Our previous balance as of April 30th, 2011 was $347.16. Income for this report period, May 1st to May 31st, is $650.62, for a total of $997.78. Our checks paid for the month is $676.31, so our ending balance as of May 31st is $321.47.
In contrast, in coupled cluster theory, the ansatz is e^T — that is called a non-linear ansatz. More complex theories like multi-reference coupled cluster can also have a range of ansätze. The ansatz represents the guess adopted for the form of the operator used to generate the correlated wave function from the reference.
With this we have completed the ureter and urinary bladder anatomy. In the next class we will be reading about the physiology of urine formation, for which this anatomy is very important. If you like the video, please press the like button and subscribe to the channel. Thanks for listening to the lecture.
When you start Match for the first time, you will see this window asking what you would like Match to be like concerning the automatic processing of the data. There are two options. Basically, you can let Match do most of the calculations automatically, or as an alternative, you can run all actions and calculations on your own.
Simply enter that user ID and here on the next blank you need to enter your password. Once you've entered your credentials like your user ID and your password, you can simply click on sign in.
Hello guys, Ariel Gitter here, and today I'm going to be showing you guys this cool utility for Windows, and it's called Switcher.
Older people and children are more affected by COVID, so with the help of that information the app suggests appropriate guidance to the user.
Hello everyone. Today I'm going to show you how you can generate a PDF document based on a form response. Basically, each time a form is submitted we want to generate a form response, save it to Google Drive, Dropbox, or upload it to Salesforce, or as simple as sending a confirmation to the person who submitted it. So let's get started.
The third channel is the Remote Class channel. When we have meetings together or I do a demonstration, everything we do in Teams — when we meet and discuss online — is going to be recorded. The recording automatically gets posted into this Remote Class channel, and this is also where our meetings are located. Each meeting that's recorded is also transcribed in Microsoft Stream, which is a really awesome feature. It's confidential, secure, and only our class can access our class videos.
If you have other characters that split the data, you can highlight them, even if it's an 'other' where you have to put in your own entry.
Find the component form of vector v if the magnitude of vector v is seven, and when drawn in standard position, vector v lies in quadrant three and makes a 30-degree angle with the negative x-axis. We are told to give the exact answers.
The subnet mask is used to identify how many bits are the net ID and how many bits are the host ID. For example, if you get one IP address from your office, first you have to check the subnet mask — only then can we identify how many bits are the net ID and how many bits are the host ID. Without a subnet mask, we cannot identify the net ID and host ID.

+--

## TASK DIRECTIONS
Could you print, exactly and with nothing else, the lines from the one containing "If you have" through the last line of the records above?

## PROBLEM SOLUTION
If you have other characters that split the data, you can highlight them, even if it's an 'other' where you have to put in your own entry.
Find the component form of vector v if the magnitude of vector v is seven, and when drawn in standard position, vector v lies in quadrant three and makes a 30-degree angle with the negative x-axis. We are told to give the exact answers.
The subnet mask is used to identify how many bits are the net ID and how many bits are the host ID. For example, if you get one IP address from your office, first you have to check the subnet mask — only then can we identify how many bits are the net ID and how many bits are the host ID. Without a subnet mask, we cannot identify the net ID and host ID.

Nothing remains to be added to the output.